О том, нужна ли государству правда о терактах, мы беседуем с председателем правозащитного центра "Мемориал" Александром Черкасовым, создателем сайта "Правда Беслана" Мариной Литвинович и журналистом "Новой газеты" Еленой Милашиной.

Александр, почему руководители государства избегают участия в траурных мероприятиях?

Александр Черкасов: Власти нужны победы, чтобы на их фоне казаться еще мощнее, круче, чтобы рейтинг повышался, нужные хорошие новости. Память о жертвах терактов – это горькая тема, которая напоминает о многом, в частности, о том, что власти не смогли предотвратить эти теракты. Оставив в стороне вопрос о том, что эти теракты властями были, может быть, и организованы, не самая приятная картина для человека, повышающего свой рейтинг, – кладбище, люди в трауре.
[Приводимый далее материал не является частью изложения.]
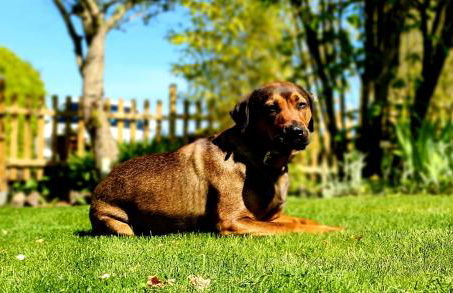 Ferienhaus Sonneck - Foto 20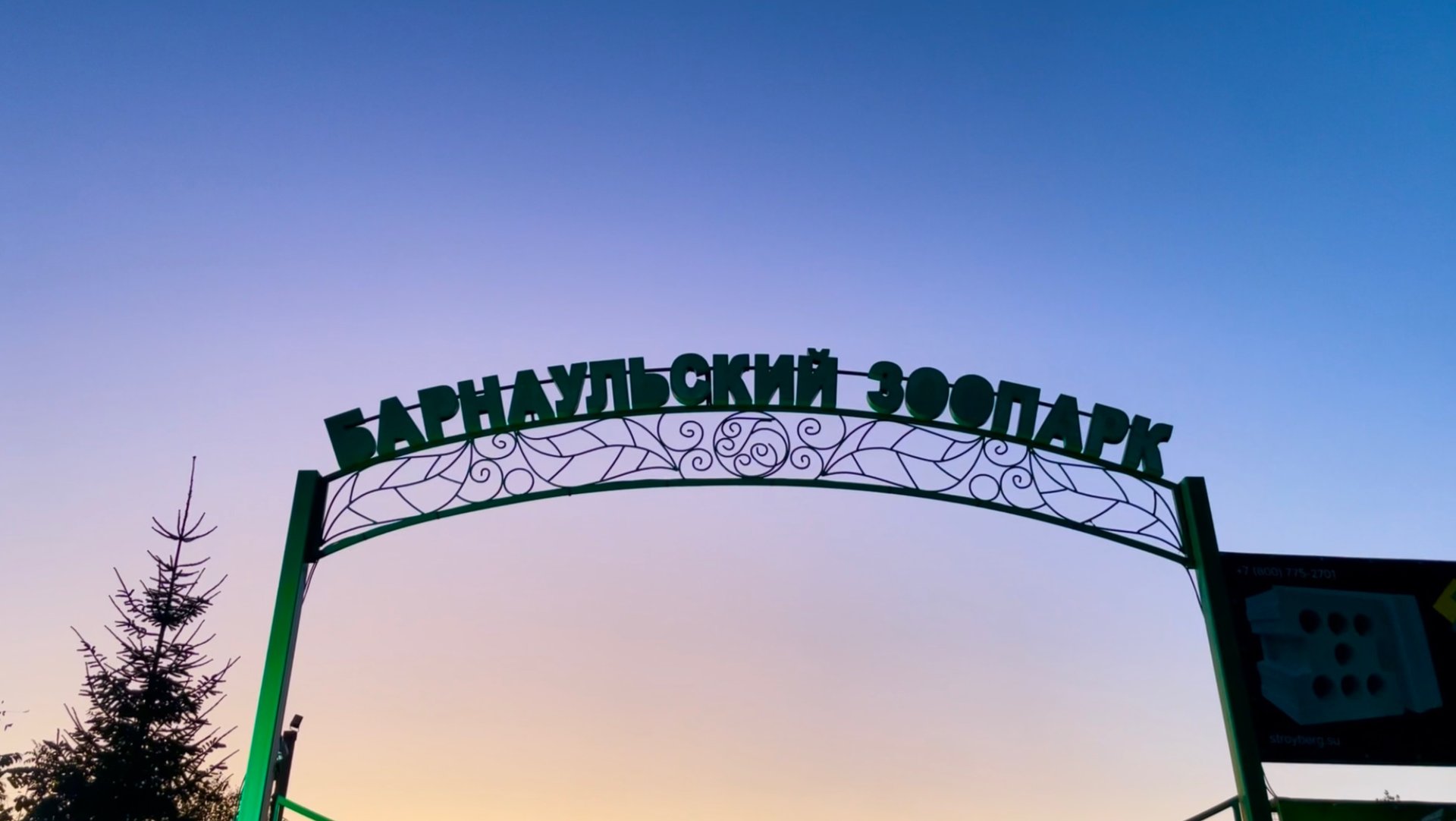 Удивительные животные Барнаульского зоопарка. Барнаул. Эпизод 44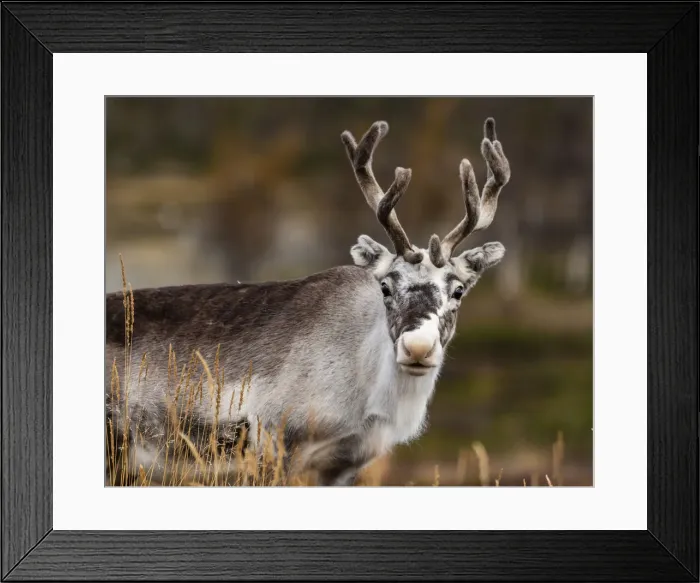 Framed Print : Reindeer (Rangifer tarandus), Kilpisjarvi, Lapland, Finland, Europe Framed Print : Reindeer (Rangifer tarandus), Kilpisjarvi, Lapland, Finland, Europe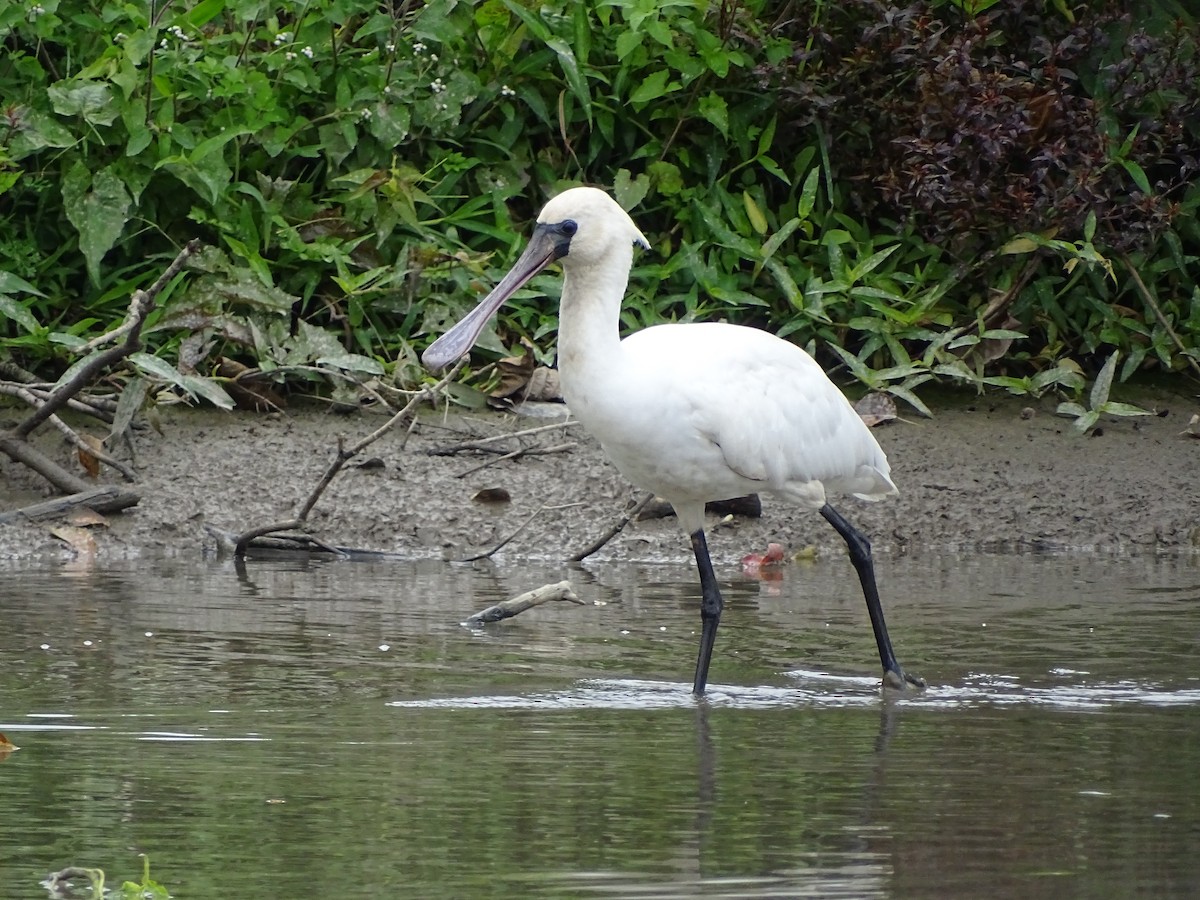 Black-faced Spoonbill - ML412475681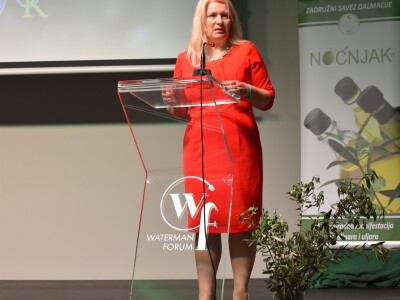 Šampioni otvorenih ulja - Noćnjak 2022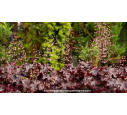 HEUCHERA 'Black Beauty'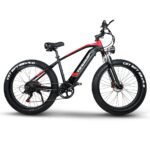 ES28 1000W ELECTRIC BIKE - Image 3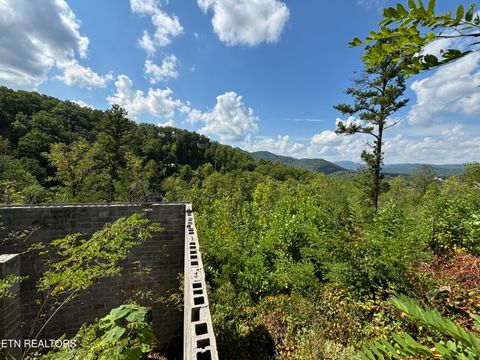 Tiny photo for 3217 Emerald Springs Loop, Sevierville, TN 37862 (MLS # 1327900)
Очень тяжело нести ответственность перед своими согражданами, которые тебя избрали, и говорить: простите, мы не смогли спасти ваших родственников.

Владимир Кара-Мурза: Марина, вся ли правда о Беслане уже известна?

Марина Литвинович: После теракта в Беслане несколько лет группа правозащитников, журналистов занималась сбором информации о том, что же на самом деле там произошло, было опрошено много людей, проходили суды во Владикавказе. Мне кажется, полная картина восстановлена, другое дело, что у этой картины нет официального статуса, и все свидетельства существуют не в официальном виде.

Владимир Кара-Мурза: Елена, какие события в Беслане вы считаете противоречивыми?

Елена Милашина: Для меня бесланская трагедия ясна, все главные детали я знаю, так что для меня никаких противоречий в этой истории нет.

Владимир Кара-Мурза: Все ли боевики были убиты в Беслане?

Александр Черкасов: Мы знаем, что уцелел, по крайней мере, один – осужденный. Есть версии, что многие боевики ушли, что их было больше. Другое дело, что этого одного пойманного, представшего перед судом, было достаточно, чтобы по событиям в Беслане был судебный процесс, на котором хоть какие-то доказательства были бы представлены, рассмотрены беспристрастным и объективным судом, заслушаны, стали достоянием гласности. Этого не было ни для теракта на спектакле "Норд-Ост", где были убиты все террористы, ни тем более не было гласного процесса по взрывам жилых домов в Москве. И именно поэтому про Беслан известно больше, хотя далеко не вся информация была заслушана, обсуждена, исследована в суде, – а ведь только так возможно дать всестороннюю оценку. Жителям Беслана в этом смысле легче – про их трагедию больше знают. Москва про свои трагедии знать особенно не хочет. В Москве судьбы погибших заложников – это прежде всего дело их родственников, а отнюдь не дело всего города.

Владимир Кара-Мурза: Марина, почему в Беслане официальные СМИ сначала занижали цифры заложников?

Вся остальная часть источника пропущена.